Task statement:
Only the lines from the one containing "Casa pareada en venta en Tribaldos" through the one containing "Mano de mujer en la manicura — Foto de Stock" should be printed, exactly as they appear below, with both ends included.

Recorded data:
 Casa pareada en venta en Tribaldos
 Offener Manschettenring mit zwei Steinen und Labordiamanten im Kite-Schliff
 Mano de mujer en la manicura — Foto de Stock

* * *

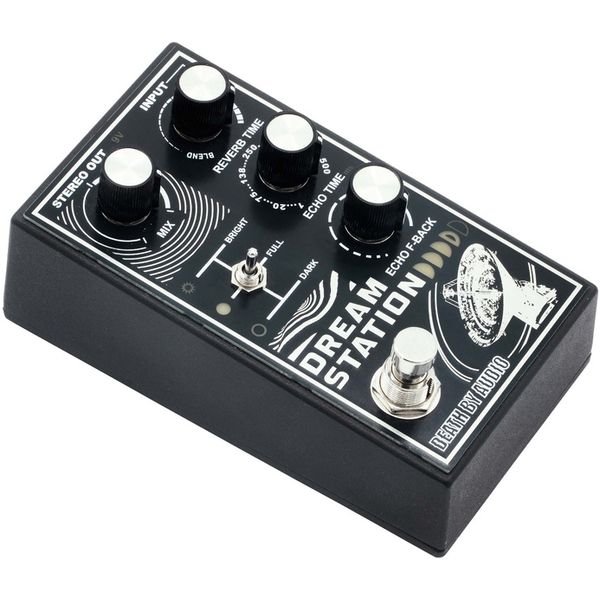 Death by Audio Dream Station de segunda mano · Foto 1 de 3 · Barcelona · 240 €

Reply to the task:
 Casa pareada en venta en Tribaldos
 Offener Manschettenring mit zwei Steinen und Labordiamanten im Kite-Schliff
 Mano de mujer en la manicura — Foto de Stock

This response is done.